The U.S. Supreme Court gave a glimpse of a potential philosophical shift in its recent 5-4 ruling that evidence seized from a “no-knock” raid can be admitted in court even if police barge in without announcing themselves.
New Justice Samuel Alito joined Chief Justice John Roberts, Antonin Scalia, Clarence Thomas and Anthony Kennedy in voting to throw out nearly a century of legal precedents and a cornerstone of Fourth Amendment law. Alito’s vote broke the 4-4 tie that existed among the other members of the court.
While Kennedy voted with the majority, he wrote that he didn’t agree with ending the “knock and announce” requirement altogether. “It bears repeating that it is a serious matter if law enforcement officers violate the sanctity of the home by ignoring the requisites of lawful entry,” he wrote.
Kennedy’s stand underscored his emergence as a swing vote in a court that already misses centrist Sandra Day O’Connor, who retired in January and gave way to Alito.
Earlier in the week, Kennedy ruled with the court’s more liberal justices to give death-row prisoners more ability to challenge their sentences. In the no-knock case he ruled with the conservative bloc.
The court upheld a drug possession conviction against Detroit resident Booker Hudson, even though the state of Michigan conceded that police violated the Fourth Amendment provision requiring that they announce their presence before entering.
Police had a warrant, but one officer admitted that they only announced themselves as they crashed through the door.
The high court majority agreed with the Michigan Supreme Court that exclusion of the evidence gained in the Hudson raid was an excessive remedy for the cops’ violation.
Scalia, writing in the majority opinion, acknowledged that the principle behind the so-called exclusionary rule is “ancient” precedent, but he argued that the rule carries “substantial social costs,” namely allowing guilty people to go free.
We’re more inclined to agree with Justice Stephen Breyer, who noted in his dissent that decades ago the court recognized that when the police barge in unannounced, it is an assault on “the sanctity of a man’s home and the privacies of life.” The Supreme Court held in a 1914 case that, except in rare circumstances, evidence seized in violation of the Constitution cannot be used.
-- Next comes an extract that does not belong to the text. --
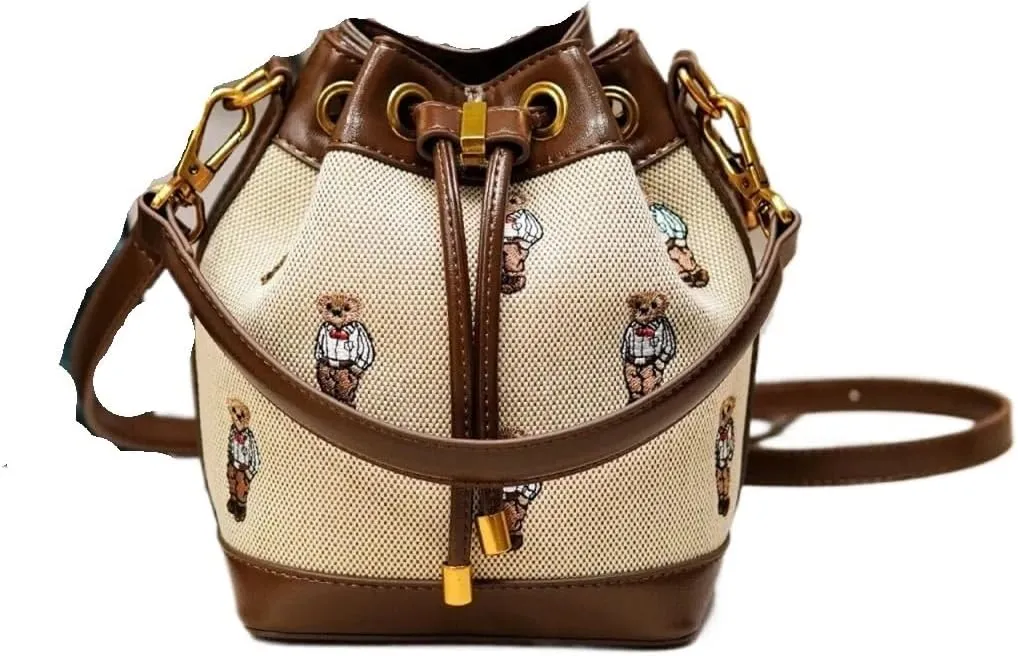 bags Bucket Bag Women's Bag Autumn And Winter High Handheld Shoulder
If such evidence were admissible, that decision held, the Fourth Amendment “might as well be stricken.”
There is a greater social cost to allowing police to play fast and loose with constitutional guarantees than there is to letting a few criminals off on a technicality. The court’s decision sets a dangerous precedent by weakening the incentive for police to play by the constitutional rules.